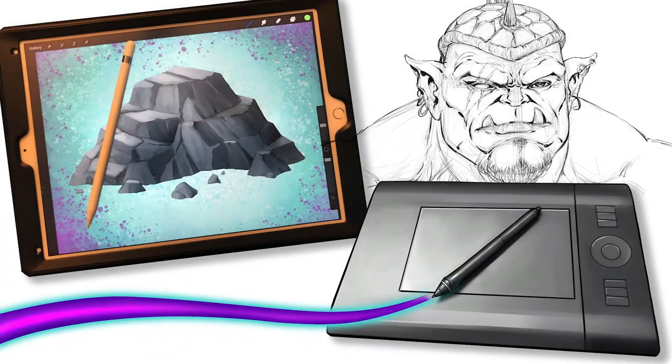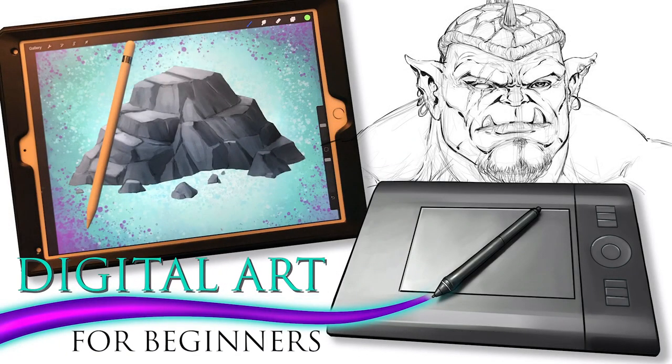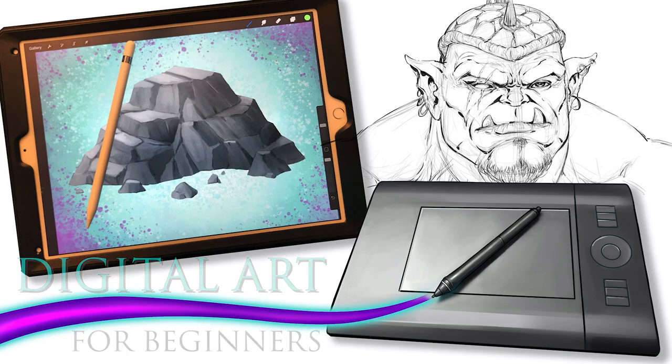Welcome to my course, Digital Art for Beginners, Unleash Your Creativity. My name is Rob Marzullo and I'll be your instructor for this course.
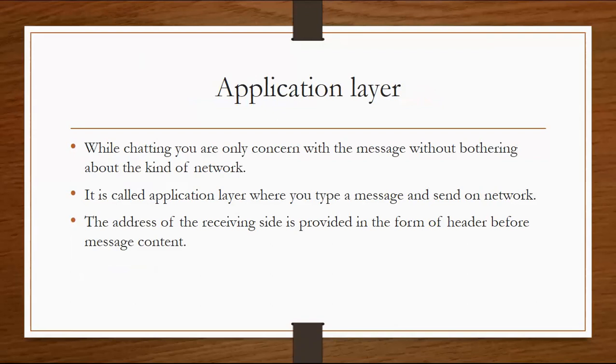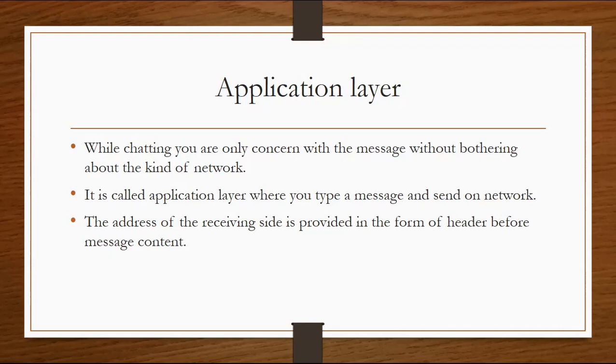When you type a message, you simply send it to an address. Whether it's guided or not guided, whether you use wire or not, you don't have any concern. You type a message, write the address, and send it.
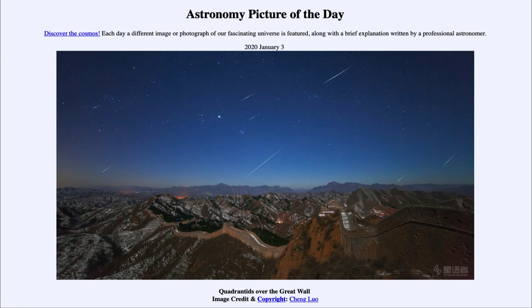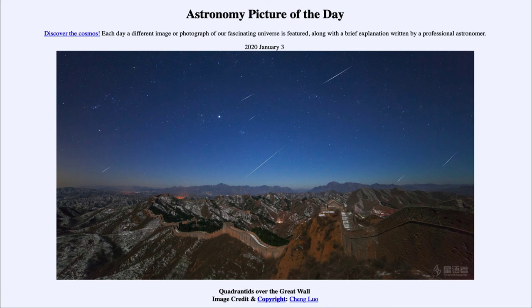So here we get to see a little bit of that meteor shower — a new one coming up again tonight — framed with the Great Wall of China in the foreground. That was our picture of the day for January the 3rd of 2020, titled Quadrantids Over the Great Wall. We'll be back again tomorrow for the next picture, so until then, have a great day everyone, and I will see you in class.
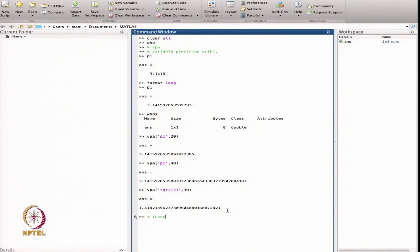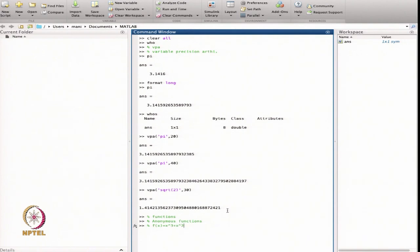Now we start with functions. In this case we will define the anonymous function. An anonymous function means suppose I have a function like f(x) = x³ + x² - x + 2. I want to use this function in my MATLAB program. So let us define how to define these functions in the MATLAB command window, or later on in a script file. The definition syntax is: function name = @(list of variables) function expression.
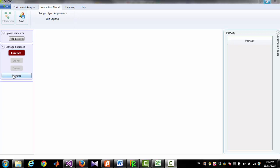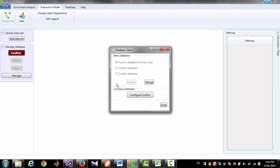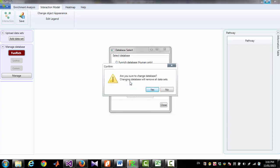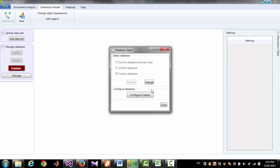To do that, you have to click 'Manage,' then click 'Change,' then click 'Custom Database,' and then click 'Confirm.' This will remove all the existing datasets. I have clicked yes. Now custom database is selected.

———

- [EXERCISE AIM] Starting with the line that holds "Now we start", return each line exactly through the final line of the entries above; pictures are not part of the output.

- [RESPONSE]
Now we start with functions. In this case we will define the anonymous function. An anonymous function means suppose I have a function like f(x) = x³ + x² - x + 2. I want to use this function in my MATLAB program. So let us define how to define these functions in the MATLAB command window, or later on in a script file. The definition syntax is: function name = @(list of variables) function expression.
To do that, you have to click 'Manage,' then click 'Change,' then click 'Custom Database,' and then click 'Confirm.' This will remove all the existing datasets. I have clicked yes. Now custom database is selected.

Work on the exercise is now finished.